[Material for this exercise]
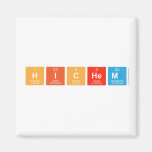 Hichem  Magnets (more shapes)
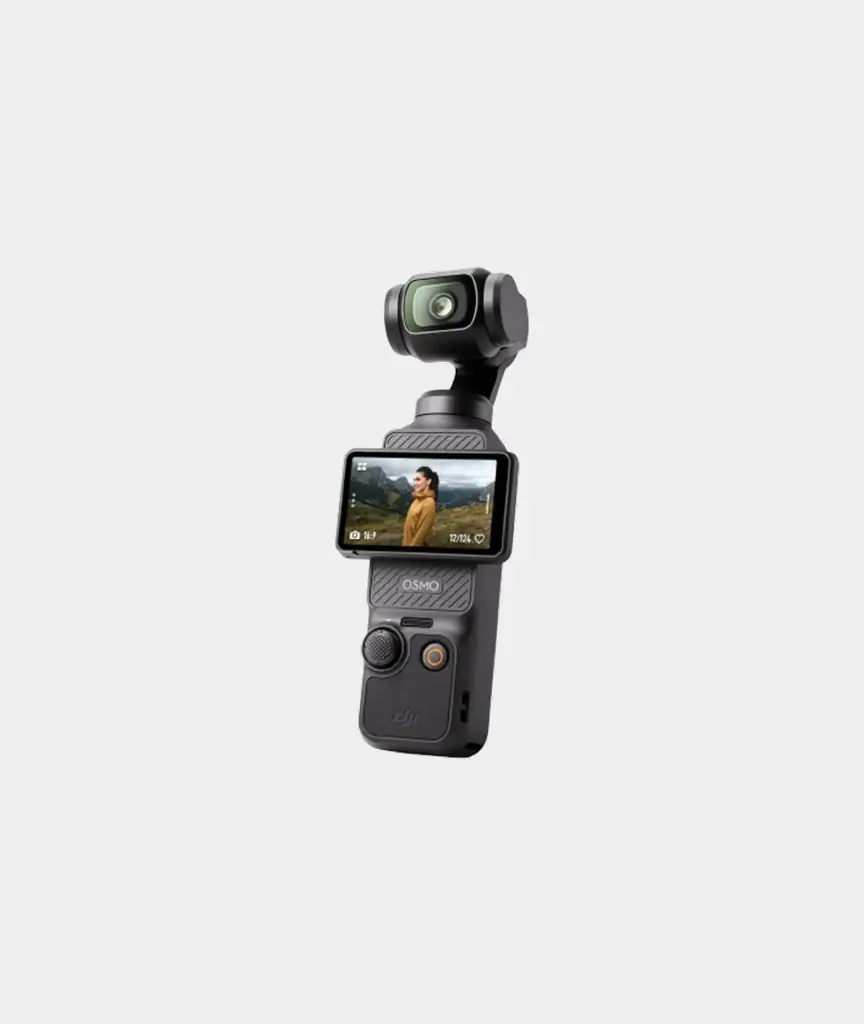 Vlog Camera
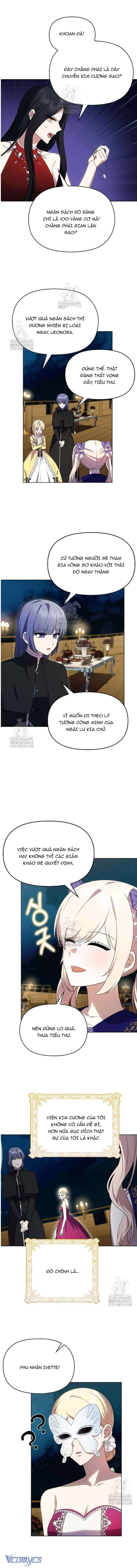 Đứa Con Gái Côn Đồ Nhà Công Tước Chap 73 - Next Chap 74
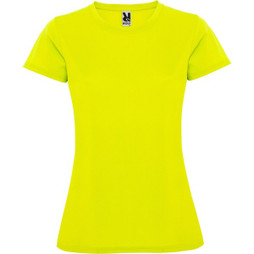 Roly R0423 - T-shirt sportiva a maniche corte da donna Montecarlo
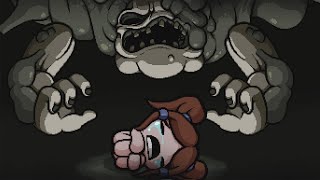 The Binding of Isaac Repentance  All Bosses Hard Mode No Damage Minimum Items [upl. by Goldfinch]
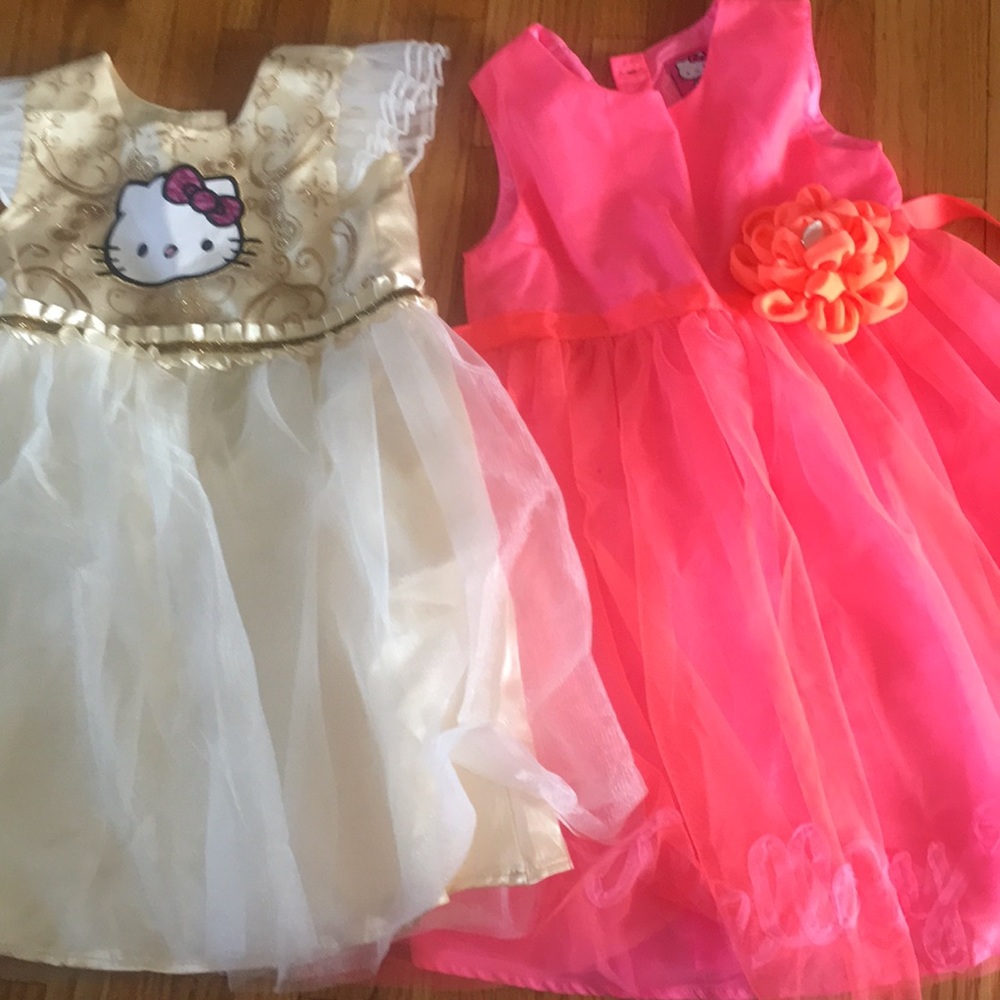 Hello kitty dresses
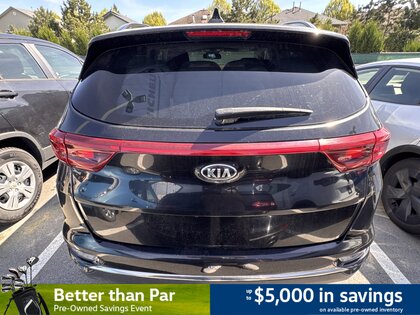 used 2020 Kia Sportage car, priced at $19,638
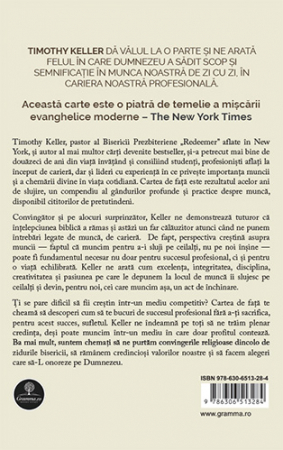 Orice fapta buna - munca ta si lucrarea lui Dumnezeu [3]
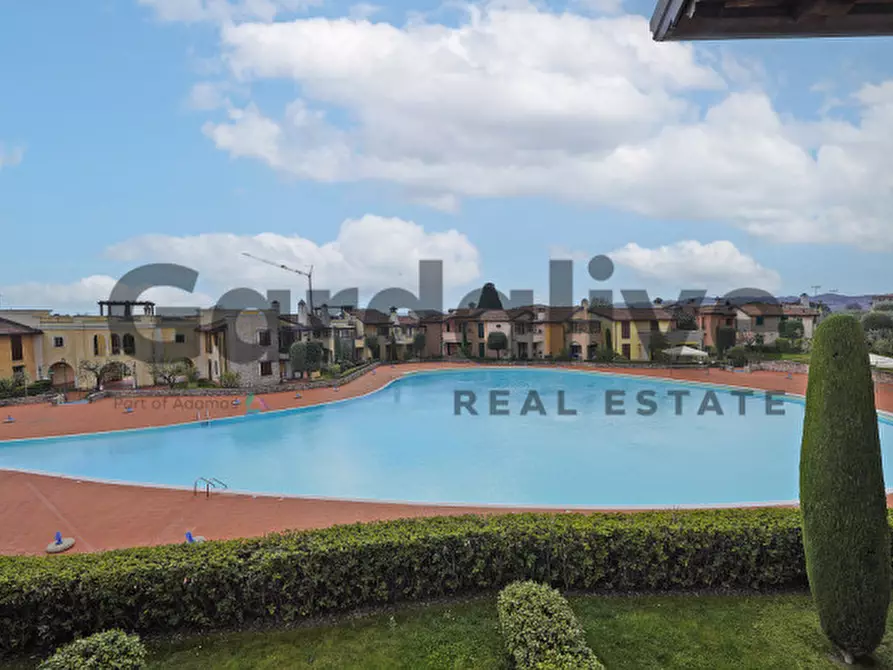 Immagine 23 di Appartamento in vendita  in Via Atleti azzurri d'Italia a Manerba Del Garda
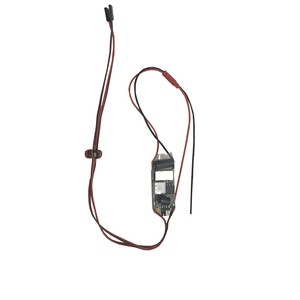Flier chi tiết thiết kế 12S 12A Bec cho ESC RC Mô hình - Product Image 2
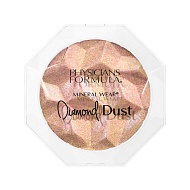 Хайлайтер для лица `PHYSICIANS FORMULA` DIAMOND DUST минеральный тон Сияющий отблеск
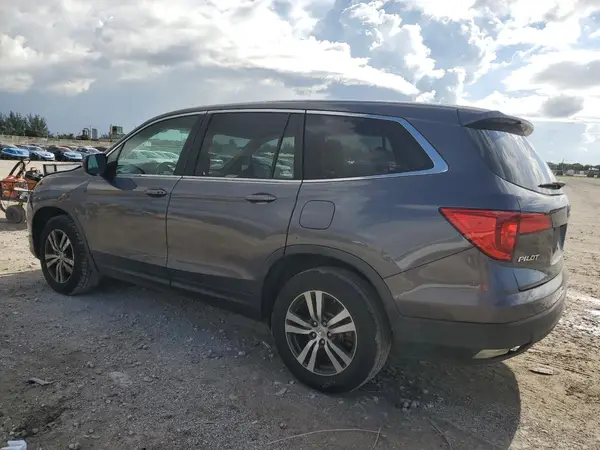 5FNYF5H55JB010931 2018 HONDA PILOT - Image 2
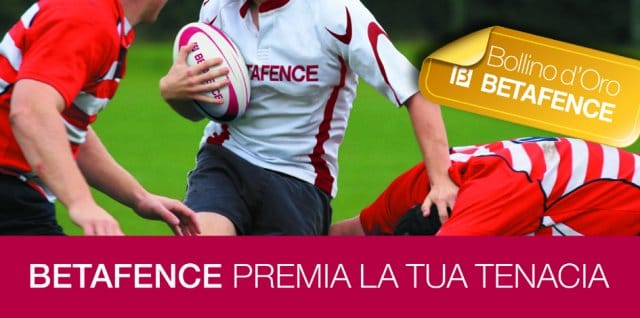 Due promozioni Betafence per “fare meta” 3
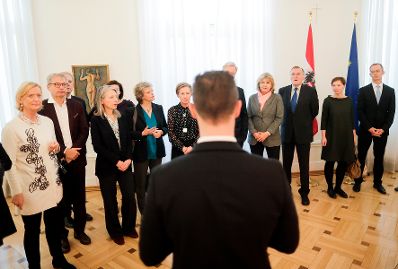 Am 10. Dezember 2018 gab Bundesminister Gernot Blümel bei einer Pressekonferenz Details zur geplanten BundesMuseenCard für 2019 bekannt.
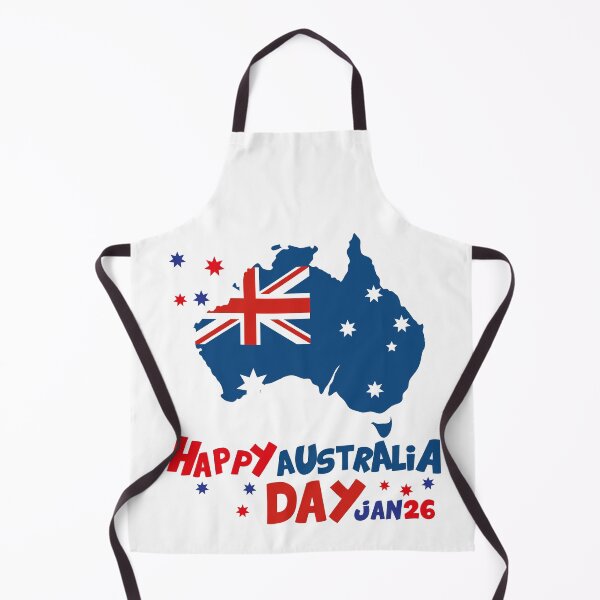 Item preview, Happy Australia Day , World Cup Flag designed and sold by Ghashid.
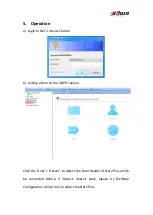 Preview for 9 page of Dahua Technology DHI-ITC237-PU1B-IR-PAX Quick Setup Manual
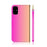 Mirror-like Surface Leather Wallet Cell Phone Case with Strap for Samsung Galaxy A51 - Rose - 3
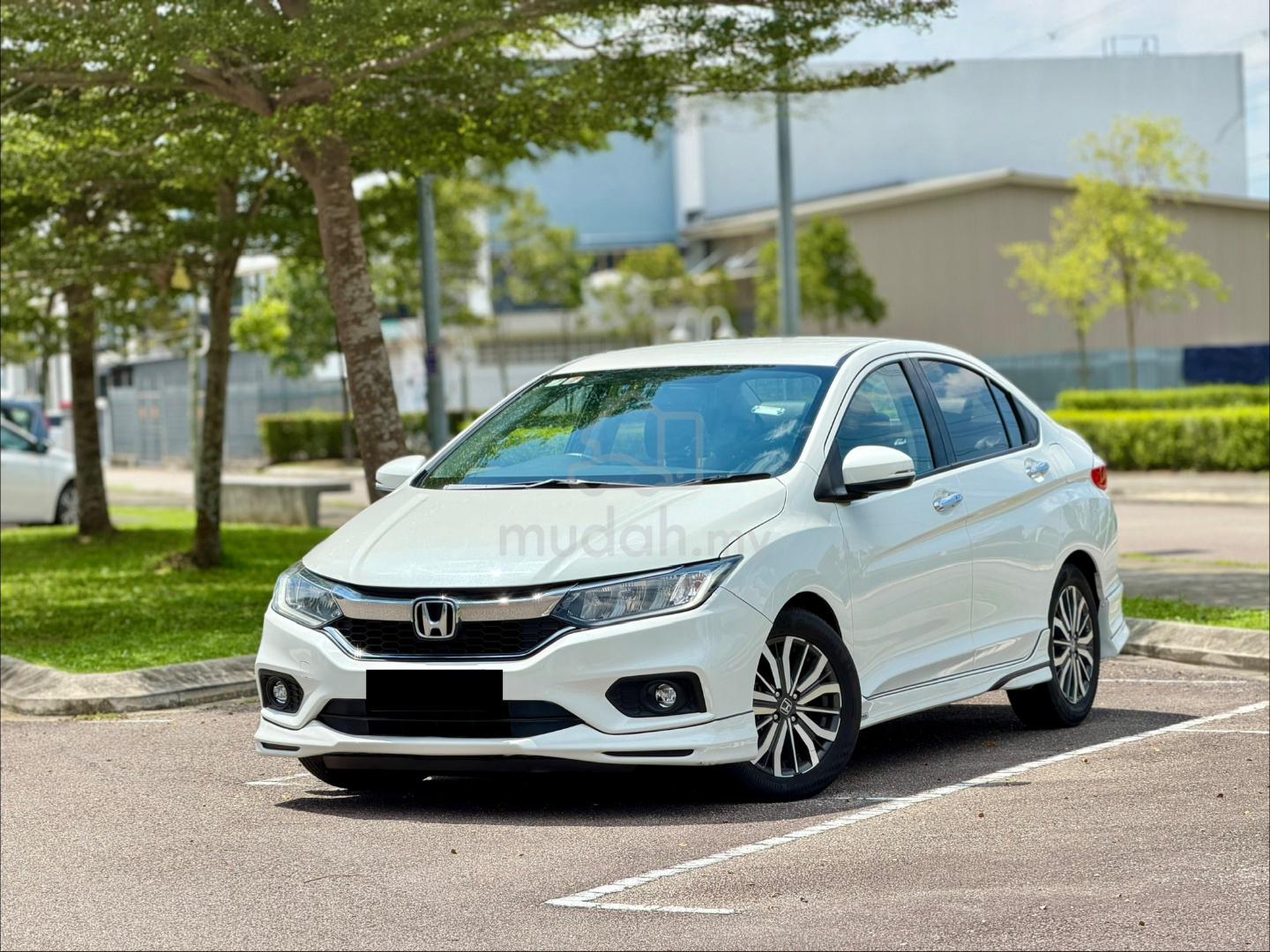 2018 Honda City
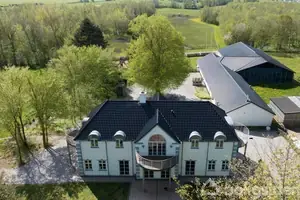 Landejendom på Nyskovvej 13, 6580 Vamdrup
[/Material for this exercise]
Range to copy from the records above: the line containing "Vlog Camera" to the line containing "Item preview, Happy", both included. Output those lines exactly and only those, skipping pictures.

Result of the task
 Vlog Camera
 Đứa Con Gái Côn Đồ Nhà Công Tước Chap 73 - Next Chap 74
 Roly R0423 - T-shirt sportiva a maniche corte da donna Montecarlo
 The Binding of Isaac Repentance  All Bosses Hard Mode No Damage Minimum Items [upl. by Goldfinch]
 Hello kitty dresses
 used 2020 Kia Sportage car, priced at $19,638
 Orice fapta buna - munca ta si lucrarea lui Dumnezeu [3]
 Immagine 23 di Appartamento in vendita  in Via Atleti azzurri d'Italia a Manerba Del Garda
Flier chi tiết thiết kế 12S 12A Bec cho ESC RC Mô hình - Product Image 2
 Хайлайтер для лица `PHYSICIANS FORMULA` DIAMOND DUST минеральный тон Сияющий отблеск
 5FNYF5H55JB010931 2018 HONDA PILOT - Image 2
 Due promozioni Betafence per “fare meta” 3
 Am 10. Dezember 2018 gab Bundesminister Gernot Blümel bei einer Pressekonferenz Details zur geplanten BundesMuseenCard für 2019 bekannt.
 Item preview, Happy Australia Day , World Cup Flag designed and sold by Ghashid.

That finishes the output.